▸ **Your objective**: When you repeat the entries below, keep each word exactly as it is and drop the pictures.

START Exercise data

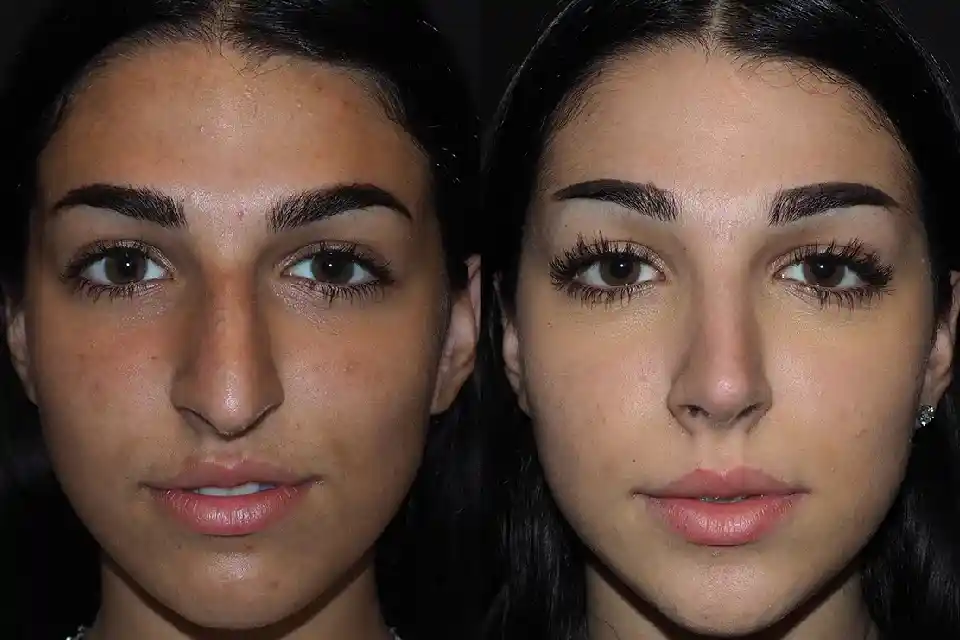 Before-After-best-rhinoplasty-nose-surgeon-near-me-jumeirah-uae-2.webp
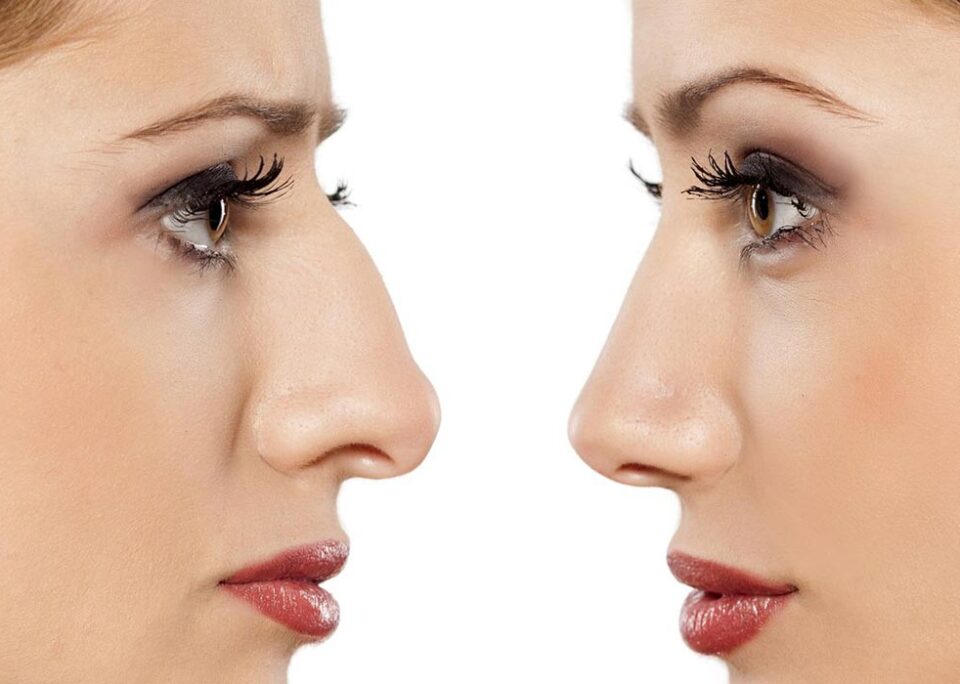 انواع آزمایش قبل از عمل بینی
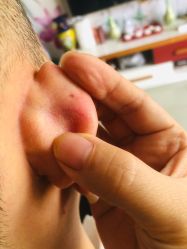 -痣斑堂·取大痣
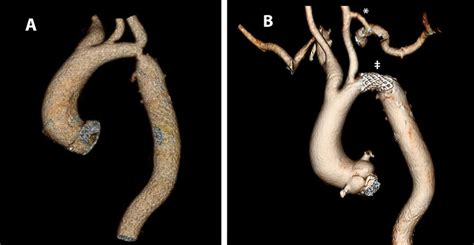 Ct Angiogram Before A And After B Carotid To Left Subclavian Artery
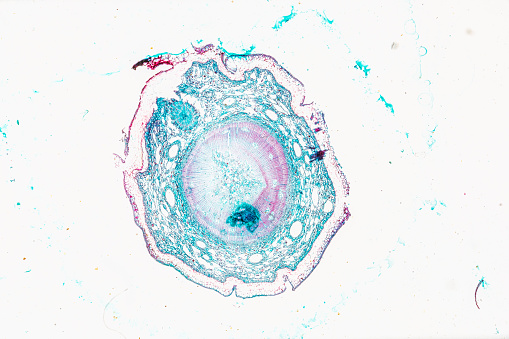 Cyst of Balamuthia mandrillaris amoeba, 3D illustration. A free-living protozoan in soil and water, can cause granulomatous amoebic encephalitis. Both cysts and trophozoites are infectious forms for humans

END Exercise data

▸ **Result of this task**:
 Before-After-best-rhinoplasty-nose-surgeon-near-me-jumeirah-uae-2.webp
 انواع آزمایش قبل از عمل بینی
 -痣斑堂·取大痣
 Ct Angiogram Before A And After B Carotid To Left Subclavian Artery
 Cyst of Balamuthia mandrillaris amoeba, 3D illustration. A free-living protozoan in soil and water, can cause granulomatous amoebic encephalitis. Both cysts and trophozoites are infectious forms for humans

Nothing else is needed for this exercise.